[MATERIAL PROVIDED]

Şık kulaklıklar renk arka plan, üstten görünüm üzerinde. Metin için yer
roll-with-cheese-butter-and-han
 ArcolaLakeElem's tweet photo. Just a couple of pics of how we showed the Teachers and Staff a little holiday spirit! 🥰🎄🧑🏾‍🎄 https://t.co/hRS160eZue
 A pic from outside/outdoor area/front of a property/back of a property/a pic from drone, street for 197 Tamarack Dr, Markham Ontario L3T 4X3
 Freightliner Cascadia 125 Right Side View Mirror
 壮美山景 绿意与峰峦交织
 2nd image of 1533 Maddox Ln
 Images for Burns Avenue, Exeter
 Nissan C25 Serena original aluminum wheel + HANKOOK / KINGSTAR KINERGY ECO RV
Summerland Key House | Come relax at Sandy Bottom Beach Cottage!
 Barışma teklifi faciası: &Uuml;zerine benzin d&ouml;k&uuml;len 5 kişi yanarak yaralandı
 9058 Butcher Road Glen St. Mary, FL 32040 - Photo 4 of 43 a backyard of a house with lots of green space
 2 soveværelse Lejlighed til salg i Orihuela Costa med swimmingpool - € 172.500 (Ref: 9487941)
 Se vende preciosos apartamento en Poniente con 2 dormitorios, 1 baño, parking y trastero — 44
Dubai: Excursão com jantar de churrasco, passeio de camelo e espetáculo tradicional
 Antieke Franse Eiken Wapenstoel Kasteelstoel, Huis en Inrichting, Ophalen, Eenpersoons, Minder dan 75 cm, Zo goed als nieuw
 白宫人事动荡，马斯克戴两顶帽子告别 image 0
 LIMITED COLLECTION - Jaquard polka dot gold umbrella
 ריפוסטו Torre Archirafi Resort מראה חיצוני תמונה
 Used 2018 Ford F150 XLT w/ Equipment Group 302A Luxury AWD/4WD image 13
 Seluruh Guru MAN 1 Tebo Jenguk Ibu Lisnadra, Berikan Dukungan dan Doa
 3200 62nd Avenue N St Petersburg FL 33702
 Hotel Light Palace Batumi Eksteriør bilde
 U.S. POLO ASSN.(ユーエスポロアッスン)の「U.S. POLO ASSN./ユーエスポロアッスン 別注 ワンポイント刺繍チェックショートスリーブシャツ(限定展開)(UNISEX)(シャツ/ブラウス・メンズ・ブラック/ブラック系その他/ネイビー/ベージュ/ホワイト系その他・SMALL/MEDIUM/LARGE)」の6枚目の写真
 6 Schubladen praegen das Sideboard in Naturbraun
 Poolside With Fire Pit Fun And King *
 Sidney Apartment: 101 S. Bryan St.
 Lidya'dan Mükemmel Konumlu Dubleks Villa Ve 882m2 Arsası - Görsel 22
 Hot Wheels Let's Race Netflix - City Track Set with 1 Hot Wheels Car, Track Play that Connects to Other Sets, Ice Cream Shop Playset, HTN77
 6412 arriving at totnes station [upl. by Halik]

[/MATERIAL PROVIDED]

* THE TASK *
Send back all of the material exactly as given.

* RESULT *
Şık kulaklıklar renk arka plan, üstten görünüm üzerinde. Metin için yer
roll-with-cheese-butter-and-han
 ArcolaLakeElem's tweet photo. Just a couple of pics of how we showed the Teachers and Staff a little holiday spirit! 🥰🎄🧑🏾‍🎄 https://t.co/hRS160eZue
 A pic from outside/outdoor area/front of a property/back of a property/a pic from drone, street for 197 Tamarack Dr, Markham Ontario L3T 4X3
 Freightliner Cascadia 125 Right Side View Mirror
 壮美山景 绿意与峰峦交织
 2nd image of 1533 Maddox Ln
 Images for Burns Avenue, Exeter
 Nissan C25 Serena original aluminum wheel + HANKOOK / KINGSTAR KINERGY ECO RV
Summerland Key House | Come relax at Sandy Bottom Beach Cottage!
 Barışma teklifi faciası: &Uuml;zerine benzin d&ouml;k&uuml;len 5 kişi yanarak yaralandı
 9058 Butcher Road Glen St. Mary, FL 32040 - Photo 4 of 43 a backyard of a house with lots of green space
 2 soveværelse Lejlighed til salg i Orihuela Costa med swimmingpool - € 172.500 (Ref: 9487941)
 Se vende preciosos apartamento en Poniente con 2 dormitorios, 1 baño, parking y trastero — 44
Dubai: Excursão com jantar de churrasco, passeio de camelo e espetáculo tradicional
 Antieke Franse Eiken Wapenstoel Kasteelstoel, Huis en Inrichting, Ophalen, Eenpersoons, Minder dan 75 cm, Zo goed als nieuw
 白宫人事动荡，马斯克戴两顶帽子告别 image 0
 LIMITED COLLECTION - Jaquard polka dot gold umbrella
 ריפוסטו Torre Archirafi Resort מראה חיצוני תמונה
 Used 2018 Ford F150 XLT w/ Equipment Group 302A Luxury AWD/4WD image 13
 Seluruh Guru MAN 1 Tebo Jenguk Ibu Lisnadra, Berikan Dukungan dan Doa
 3200 62nd Avenue N St Petersburg FL 33702
 Hotel Light Palace Batumi Eksteriør bilde
 U.S. POLO ASSN.(ユーエスポロアッスン)の「U.S. POLO ASSN./ユーエスポロアッスン 別注 ワンポイント刺繍チェックショートスリーブシャツ(限定展開)(UNISEX)(シャツ/ブラウス・メンズ・ブラック/ブラック系その他/ネイビー/ベージュ/ホワイト系その他・SMALL/MEDIUM/LARGE)」の6枚目の写真
 6 Schubladen praegen das Sideboard in Naturbraun
 Poolside With Fire Pit Fun And King *
 Sidney Apartment: 101 S. Bryan St.
 Lidya'dan Mükemmel Konumlu Dubleks Villa Ve 882m2 Arsası - Görsel 22
 Hot Wheels Let's Race Netflix - City Track Set with 1 Hot Wheels Car, Track Play that Connects to Other Sets, Ice Cream Shop Playset, HTN77
 6412 arriving at totnes station [upl. by Halik]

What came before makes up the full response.